Seis veces al año con periodicidad pendular, los medios de comunicación se estremecen ante el riesgo de que las masas se contagien de la violencia en las pantallas, porque los libros ya no impresionan a nadie con la fuerza que recuperaron episódicamente en la fatua contra Salman Rushdie. Baste recordar la alarma disparada y frustrada por Joker, una película mansa dado que su estreno no provocó unas decenas de víctimas mortales al rico kalashnikov. No importa, basta una excepción retrospectiva para descalificar al cine y aminorar la edad mental de sus espectadores, que de esto se trata.

Un argumento muy sencillo permite desembarazarse de la visita culpable a las películas violentas, o remansadas en algún otro vicio imperdonable. Los fracasos amorosos en el cine no han evitado que nadie vuelva a intentarlo. Pecaría de pedestre quien se limitara a enunciar que «siete de cada diez matrimonios se despeñan hacia el divorcio, por el efecto disolvente del vínculo que suponen las películas sobre rupturas conyugales». En cambio, un disparo en la pantalla incita a los asistentes a ejercitarse en el asesinato.

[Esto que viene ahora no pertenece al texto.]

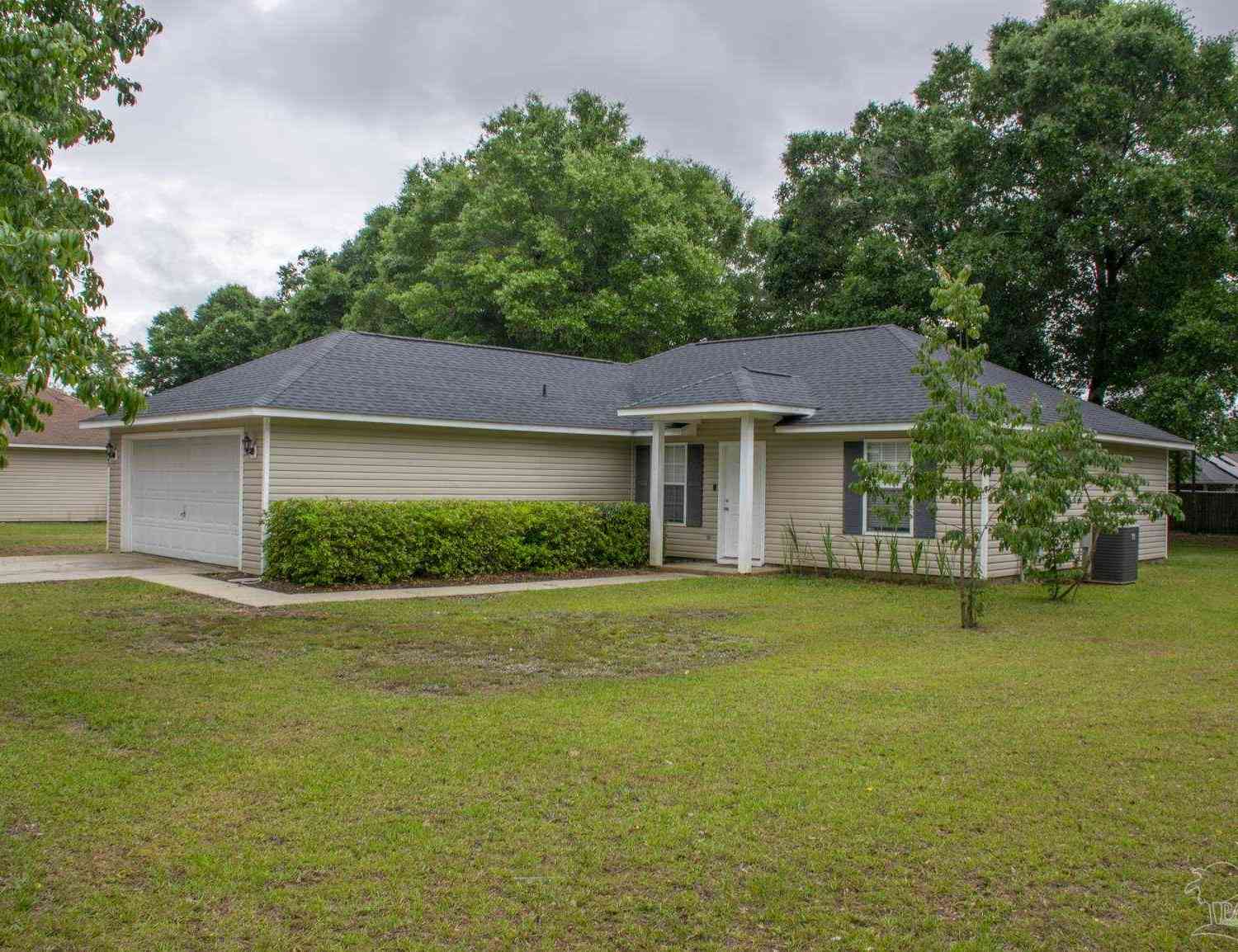 Homes For Sale - 8943 Gristmill Way<br/> Milton, FL 32583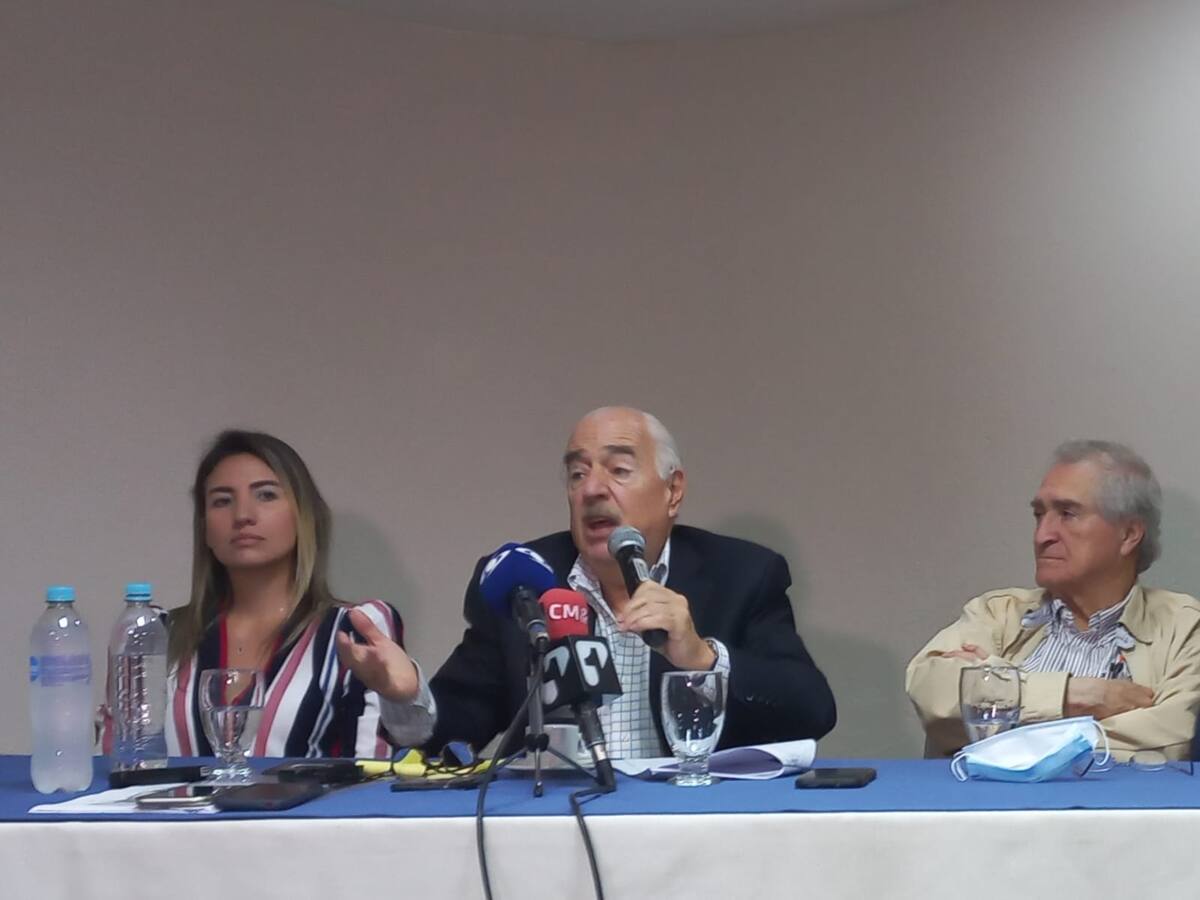 El ministro del Interior debe renunciar por dignidad: Expresidente Pastrana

Triunfa ahora mismo Historia de un matrimonio, donde solo falta añadir la palabra 'roto'. Sin embargo, no se ha desatado la corriente censora que ha sufrido Joker, su gran rival en la lucha por los Oscars. El desinterés por el carácter corrosivo de una película contra el amor demuestra la inevitabilidad del encandilamiento mutuo, protocolizado ante notarios. Se le considera inexpugnable, el estado natural hacia el que se inclina cada ser humano a la menor oportunidad. Y simétricamente, la sobreprotección contra las películas desalmadas reconoce el enorme poder de seducción de la violencia, que devuelve al bípedo implume a su carácter primigenio. Un salvaje enamorado, a quién puede extrañarle que la civilización no acabe de cuajar.